Federico Berrueto
El nuevo momento de la Corte y la renovación del INE provocan lecturas encontradas. Optimismo para unos y desencanto para otros. El saldo es el escepticismo de los más y seguramente de los mejores. No son pocos los que viven bajo nube negra. La polarización ha cobrado elevada factura. Sin embargo, dos precisiones vienen al caso: la primera, la polarización tiene como origen el desencanto desde hace tiempo con el orden de cosas, que se explica por la venalidad del régimen previo y la exclusión de muchos del sistema económico y social.
La segunda, al descontento espontáneo se ha agregado el alentado, el que se promueve con un calculado objetivo político. Así, López Obrador utilizó el enojo social para ganar el poder y, posteriormente, para hacer de su proyecto político una expresión hegemónica, avasallante de la pluralidad y de desdén a la legalidad y afectación a las libertades económicas y políticas, en particular, la de expresión, la más relevante para el escrutinio crítico al poder.

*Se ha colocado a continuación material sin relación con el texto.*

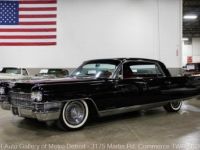 Cadillac Fleetwood - <small></small> 59.000 € <small>TTC</small> - #1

Las condiciones de existencia de la polarización no han desaparecido, pero hay agotamiento. La magnitud de los problemas y su impacto en la vida cotidiana de las personas y las familias obligan a los resultados; la propaganda y el maniqueísmo dan para mantener una base social de adherentes, no para acrecentarla y tampoco garantizan que el resultado electoral se proyecte como ocurrió en la elección de 2018. La polarización a todos afecta, incluso a quien la promueve y la utiliza como recurso de gobierno.
Otro elemento del agotamiento de la polarización se asocia al ciclo sexenal y a la agenda urgente de gobierno, así como un eventual cambio en el mapa del poder en el que el pluralismo tendría una mayor presencia parlamentaria y en los gobiernos locales. El programa de Morena de siempre ha sido el de López Obrador, sirvió para prevalecer en la elección y también para cohesionar a la coalición gobernante en torno al presidente. La cuestión es que él se va y Morena no se institucionalizó; por lo mismo, sobre el partido se cierne la división y la fragmentación una vez que concluya su encargo.
Hay quien asume que en lo sucesivo el ahora presidente tendrá que ser una suerte de guía político para mantener la continuidad. No hay posibilidad alguna. Por una parte, el poder presidencial es indivisible, es institucional y no admite cesión de autoridad. Por ello un problema para el nuevo gobierno, especialmente si gana Morena la elección, será qué hacer con el expresidente.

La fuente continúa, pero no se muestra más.